I like it, beats watching Jersey Shore, or Teen Mom


----------



## Boudreaux (Apr 3, 2012)

I find it hilarious.

And having been born and raised and taught to hunt in West Monroe, LA, it's funny to see some of the local places on national TV.  

I think it's great for the city, and glad to see a local family make the big time.

It's more entertaining than Billy the Exterminator.


----------



## emusmacker (Apr 3, 2012)

Boudreaux said:


> I find it hilarious.
> 
> And having been born and raised and taught to hunt in West Monroe, LA, it's funny to see some of the local places on national TV.
> 
> ...



Exactly, it's one of the better reality shows on TV now. And it's not a spin off of another show like, mudcats, auction hunters, etc.


----------



## Havana Dude (Apr 3, 2012)

RWilk said:


> I like it, beats watching Jersey Shore, or Teen Mom



Agreed, these are even stupider.


----------



## rnelson5 (Apr 3, 2012)

emusmacker said:


> Exactly, it's one of the better reality shows on TV now. And it's not a spin off of another show like, mudcats, auction hunters, etc.
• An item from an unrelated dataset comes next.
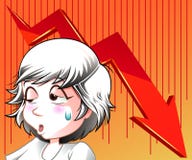 Alguém falhou no investimento e na seta vermelha ilustração royalty free Alguém falhou no investimento e na seta vermelha ilustração royalty free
Ya maybe we can ban together on this forum and have us a Georgia duck hunting T.V. show that shows the drama on the GON duck forum during season about people getting mad about posting on here that they saw three mallards in a secret hole on the lake. That would be some real drama and great reality t.v. We could call it...........The cyber duck life!!!!!


----------



## jwb72 (Apr 3, 2012)

rnelson5 said:


> Ya maybe we can ban together on this forum and have us a Georgia duck hunting T.V. show that shows the drama on the GON duck forum during season about people getting mad about posting on here that they saw three mallards in a secret hole on the lake. That would be some real drama and great reality t.v. We could call it...........The cyber duck life!!!!!




And we could even <GASP> mention names!


----------



## emusmacker (Apr 3, 2012)

Heck yea, that sounds like a great idea.

I bet that ever since the Duck men started sharing their honey holes on national tv that Louisiana has become the next Arkansas.


----------